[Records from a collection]
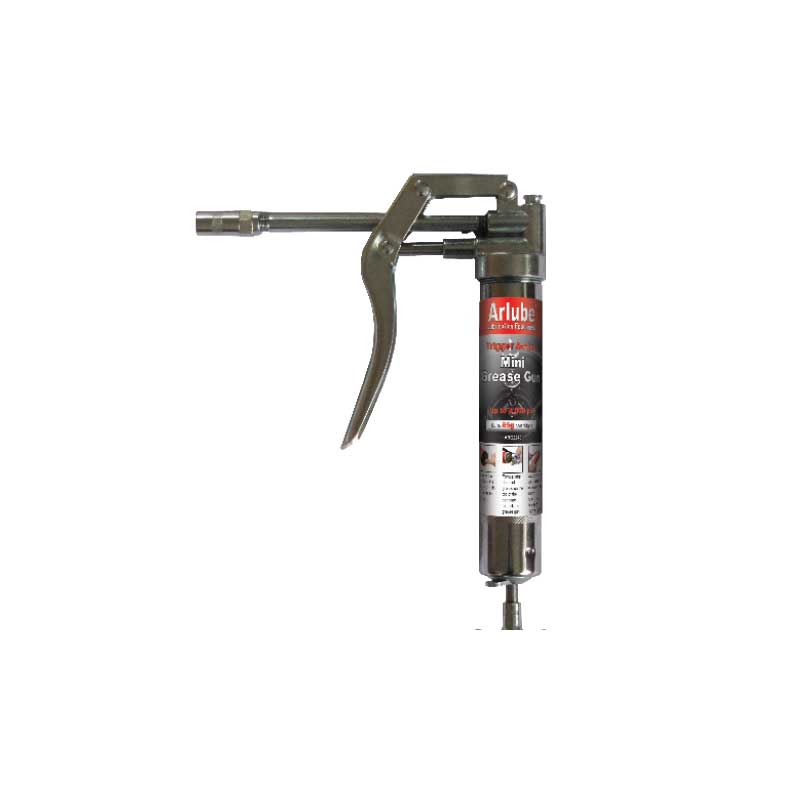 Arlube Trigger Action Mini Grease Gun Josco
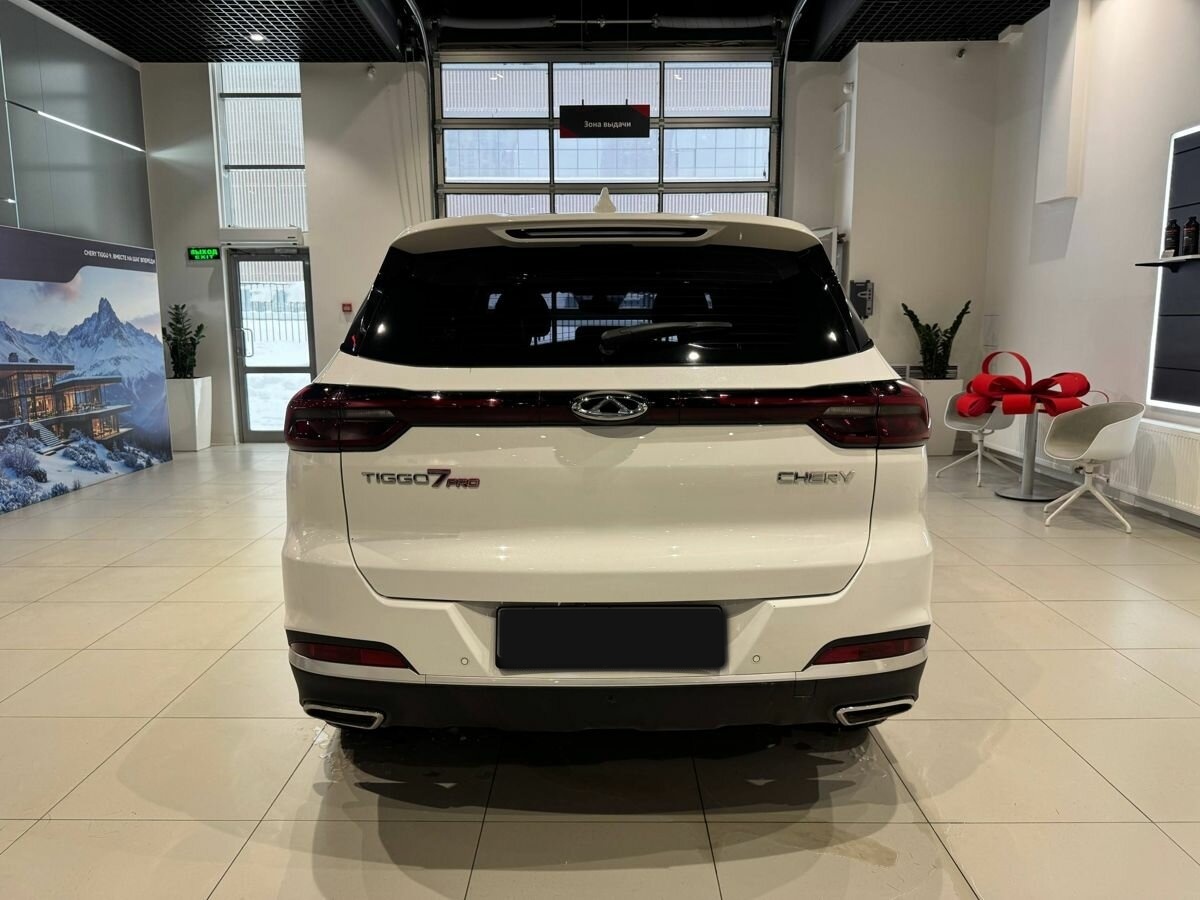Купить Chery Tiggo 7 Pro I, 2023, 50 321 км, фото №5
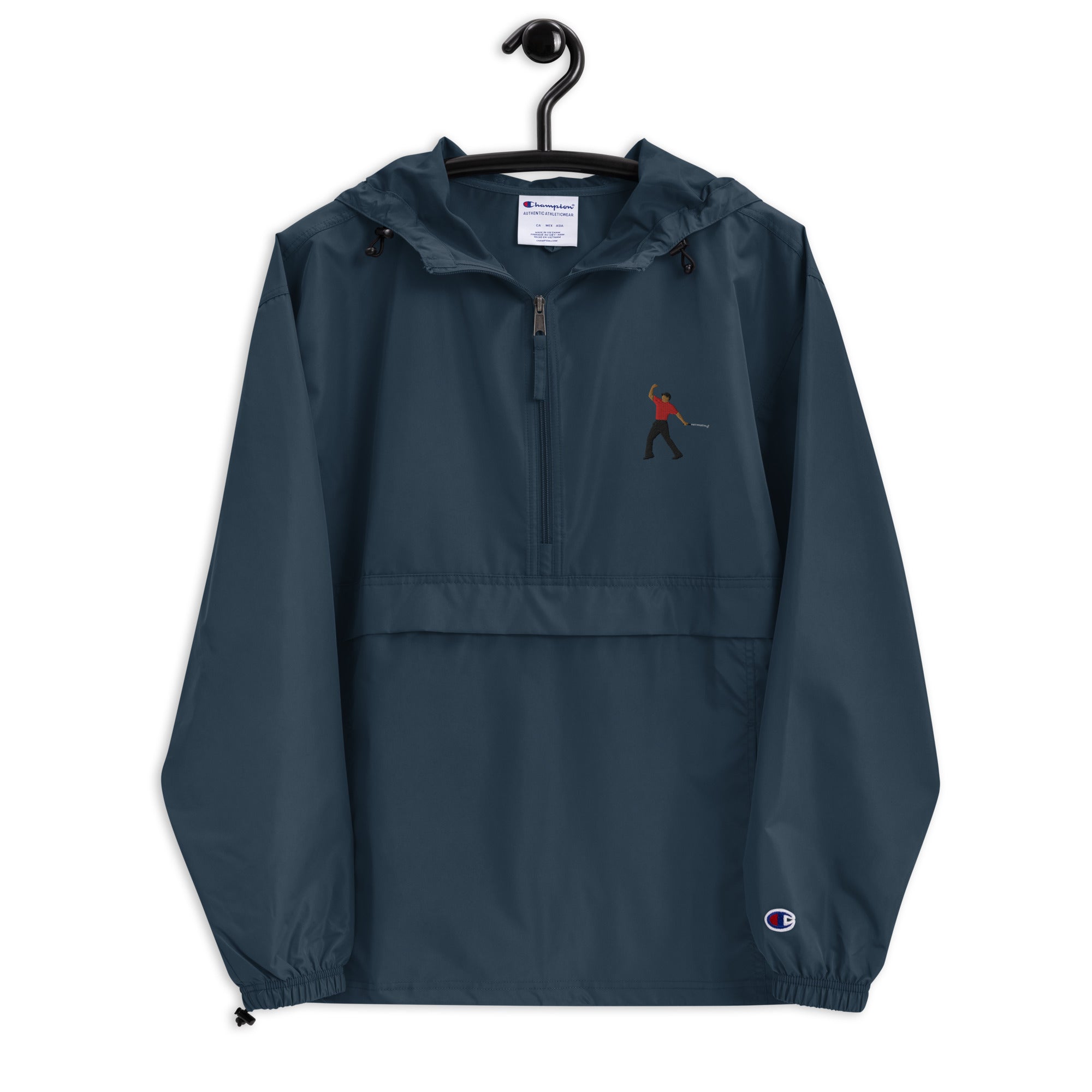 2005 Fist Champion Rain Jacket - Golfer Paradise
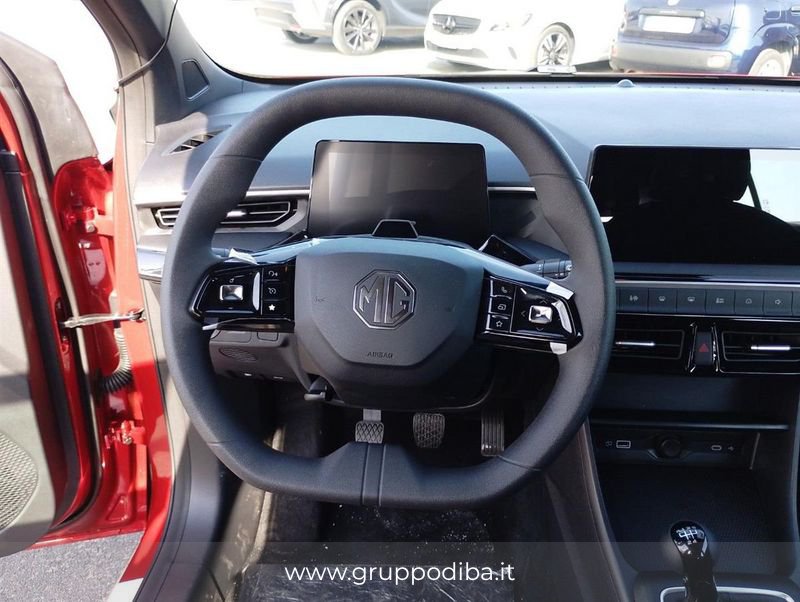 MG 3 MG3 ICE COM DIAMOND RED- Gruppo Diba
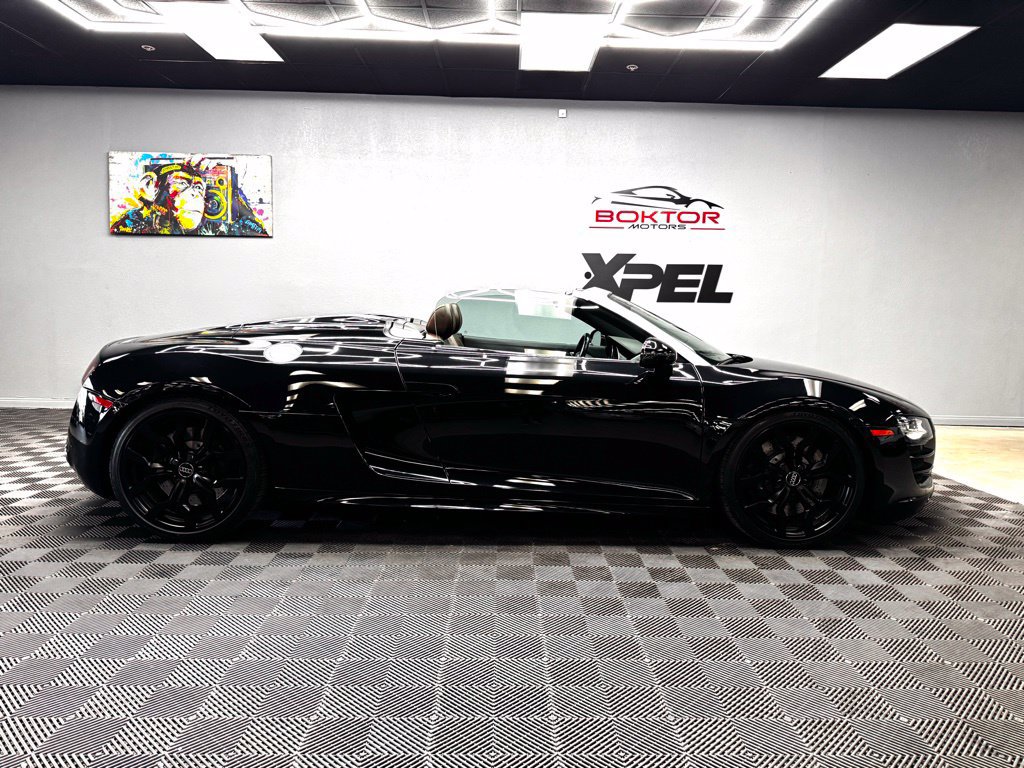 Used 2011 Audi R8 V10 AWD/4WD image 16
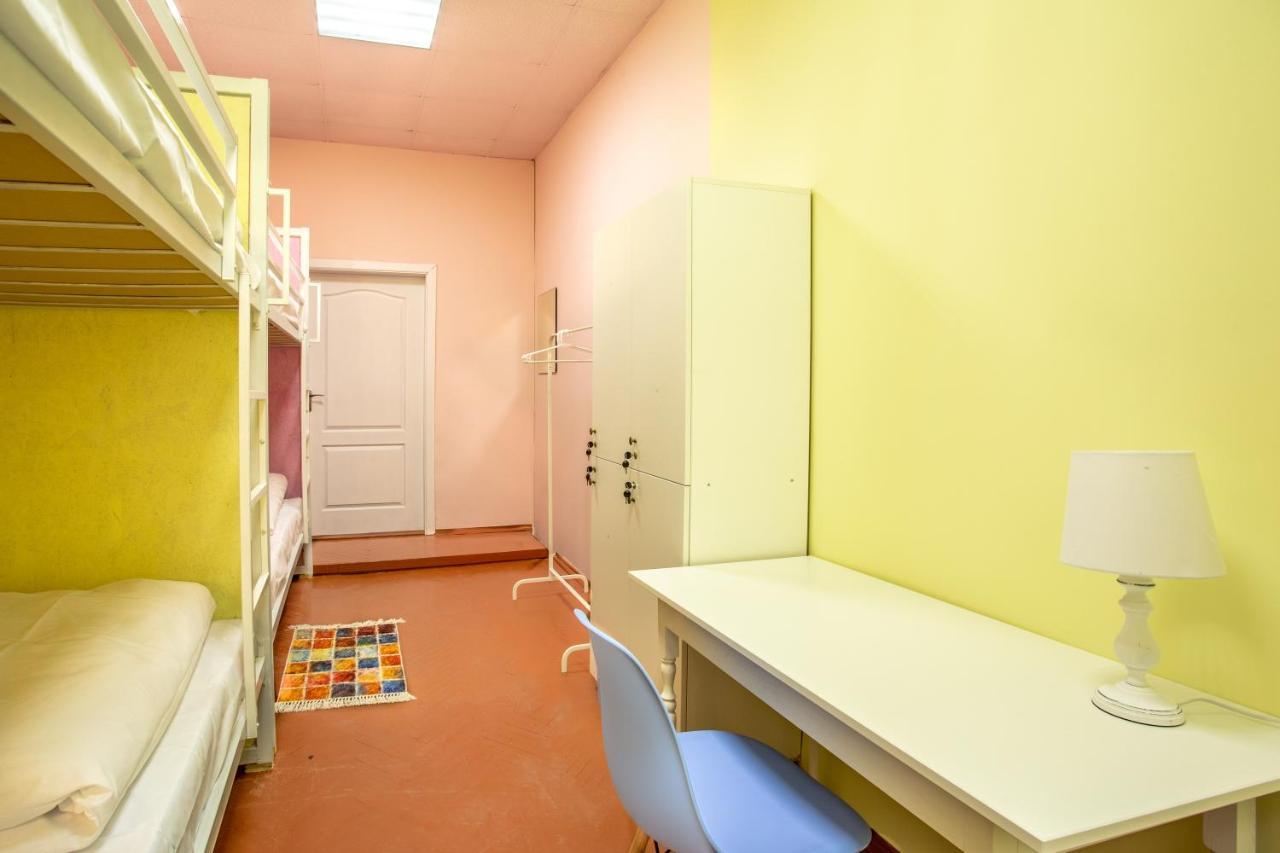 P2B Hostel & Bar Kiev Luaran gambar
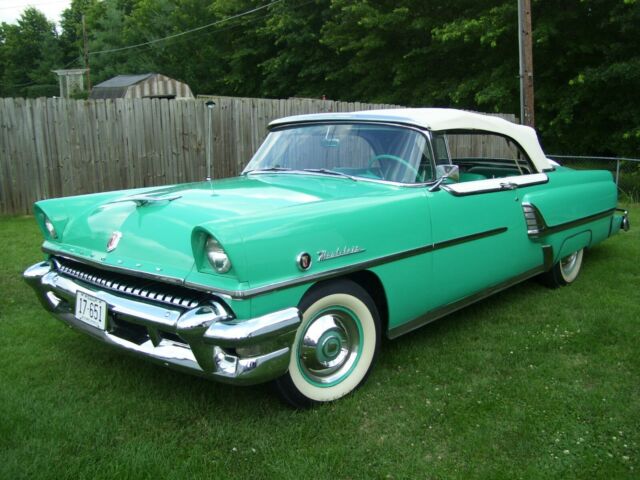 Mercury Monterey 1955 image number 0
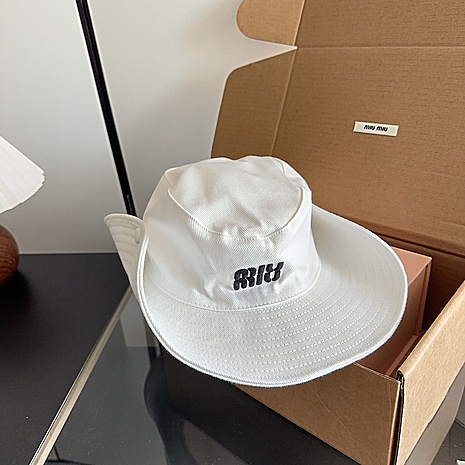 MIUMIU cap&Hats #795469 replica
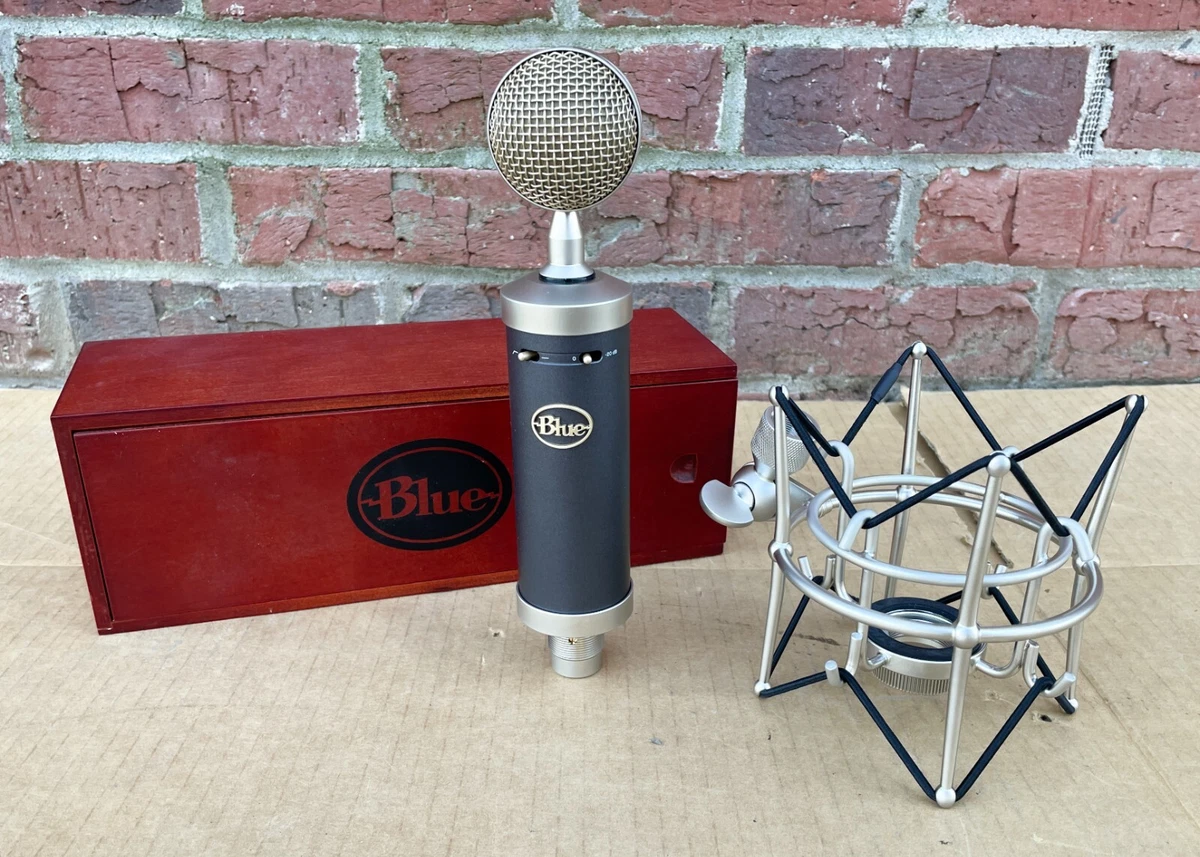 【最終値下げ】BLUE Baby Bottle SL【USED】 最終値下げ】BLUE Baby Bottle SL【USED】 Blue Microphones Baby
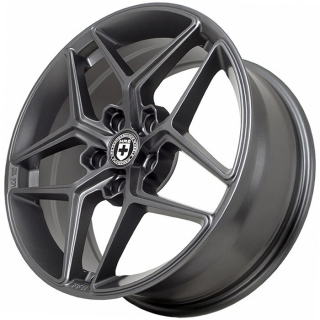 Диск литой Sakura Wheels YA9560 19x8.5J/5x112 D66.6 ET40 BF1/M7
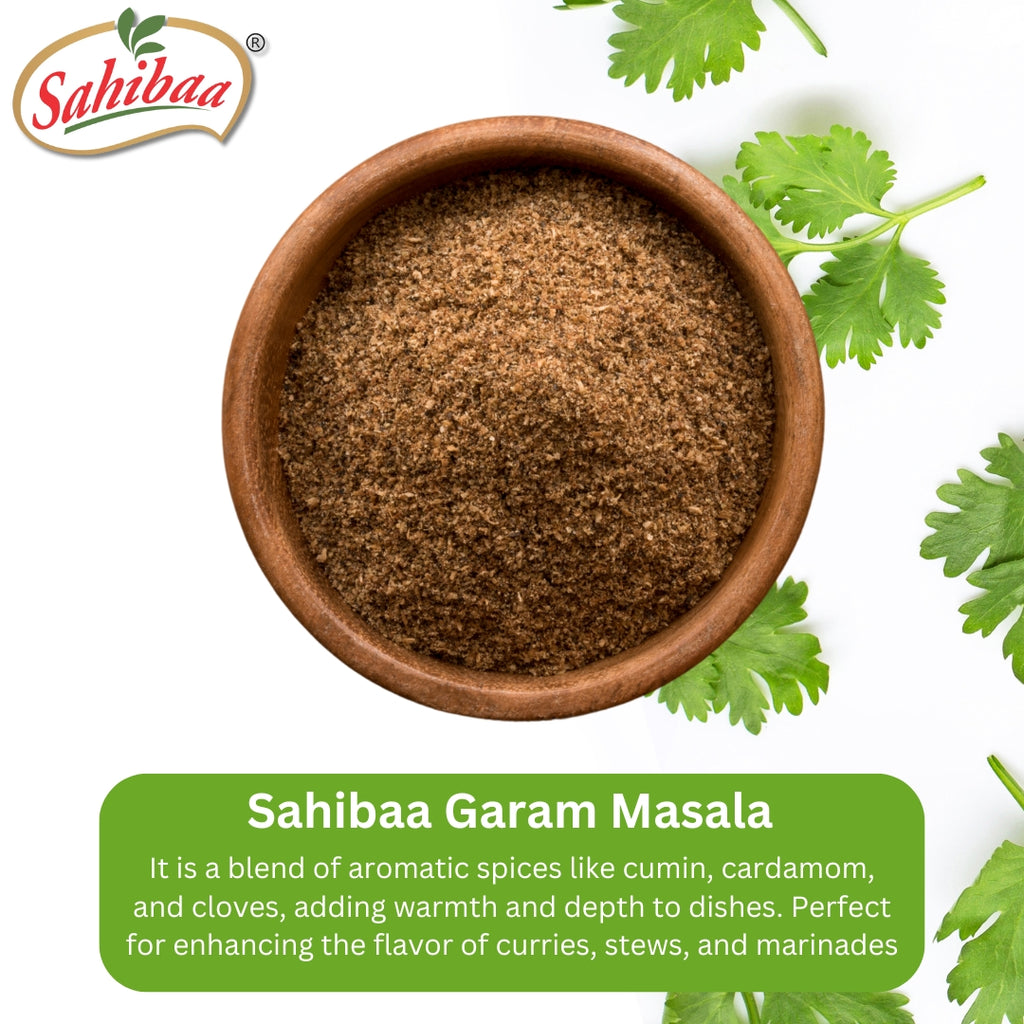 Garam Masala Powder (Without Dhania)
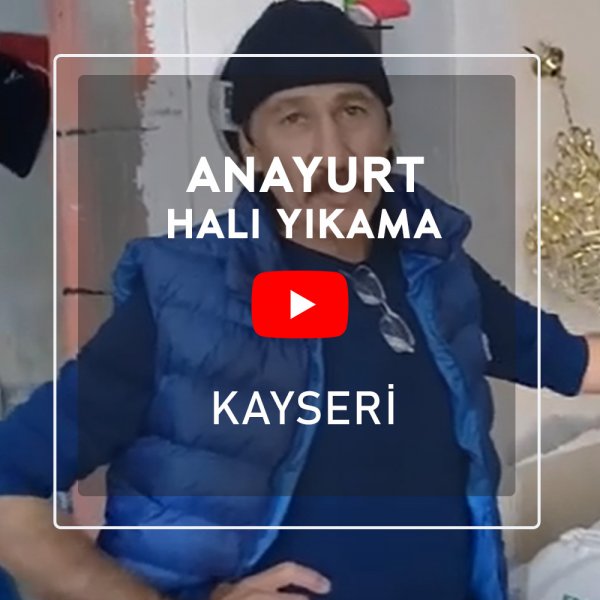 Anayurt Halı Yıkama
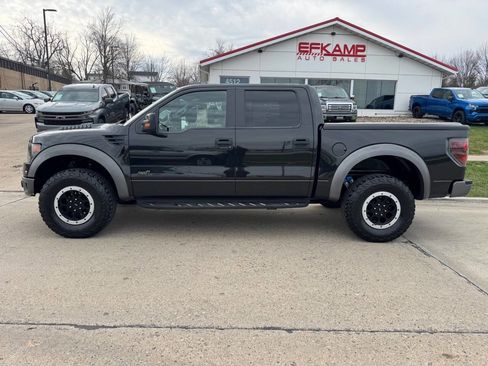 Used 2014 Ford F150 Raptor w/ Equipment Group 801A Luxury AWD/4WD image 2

> What is expected: Repeat exactly, please: transcribe each entry and leave out the pictures.

> Your response:
 Arlube Trigger Action Mini Grease Gun Josco
Купить Chery Tiggo 7 Pro I, 2023, 50 321 км, фото №5
 2005 Fist Champion Rain Jacket - Golfer Paradise
 MG 3 MG3 ICE COM DIAMOND RED- Gruppo Diba
 Used 2011 Audi R8 V10 AWD/4WD image 16
 P2B Hostel & Bar Kiev Luaran gambar
 Mercury Monterey 1955 image number 0
 MIUMIU cap&Hats #795469 replica
 【最終値下げ】BLUE Baby Bottle SL【USED】 最終値下げ】BLUE Baby Bottle SL【USED】 Blue Microphones Baby
 Диск литой Sakura Wheels YA9560 19x8.5J/5x112 D66.6 ET40 BF1/M7
 Garam Masala Powder (Without Dhania)
 Anayurt Halı Yıkama
 Used 2014 Ford F150 Raptor w/ Equipment Group 801A Luxury AWD/4WD image 2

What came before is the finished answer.